Generation of the harmonic component (glottal source). We "paint" the spectrogram of the glottal source based on the desired intonation contour and spectral envelope by specifying the frequencies, phases, and amplitudes of a number of sine waves, one for each harmonic of the fundamental frequency. If needed, we also add stochastic and non-linear effects at this stage: jitter and shimmer (random fluctuation in frequency and amplitude), subharmonics, slower random drift of control parameters, etc. Once the spectrogram is complete, we synthesize the corresponding waveform by generating and adding up as many sine waves as there are harmonics in the spectrum.
Generation of the noise component.
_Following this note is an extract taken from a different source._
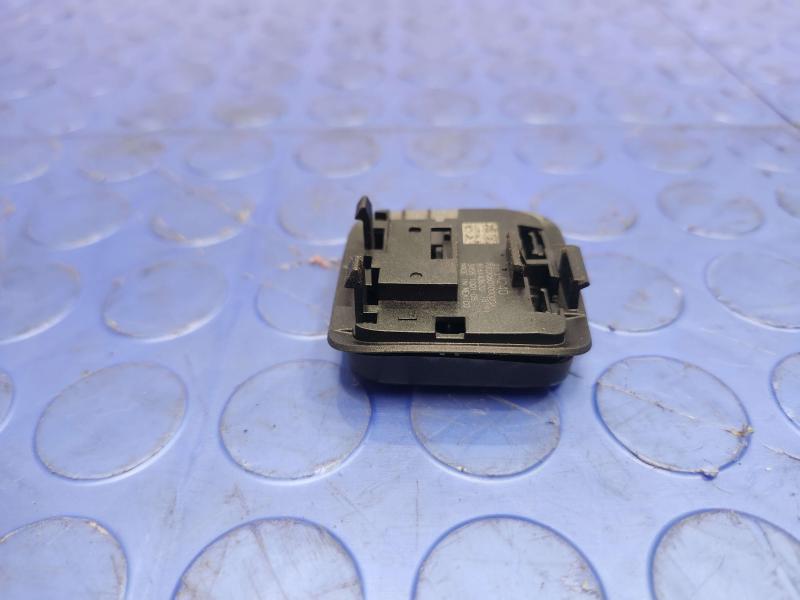 2019 Chevrolet Silverado 2500 Combination Switch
In addition to harmonic oscillations of the vocal cords, there are other sources of excitation, which may be generated as some form of noise. For example, aspiration noise is synthesized as white noise with some basic rolloff and added to the glottal source before formant filtering. It is similarly straightforward to add other types of noise, which may originate higher up in the vocal tract and thus display a different formant structure (e.g., high-frequency hissing, broadband clicks, etc.)
Spectral filtering (formants and lip radiation). The vocal tract acts as a resonator that modifies the source spectrum by amplifying certain frequencies and dampening others. Just as we "painted" a spectrogram for the acoustic source in (1), we now "paint" a spectral filter with a specified number of stationary or moving formants. We then take a Fast Fourier transform of the generated waveform to convert it back to a spectrogram, multiply the latter by our filter, and then take an inverse Fast Fourier transform to go back to the time domain. This filtering can be applied to harmonic and noise components separately or - for noise sources close to the glottis - the harmonic component and the noise component can be added first and then filtered together.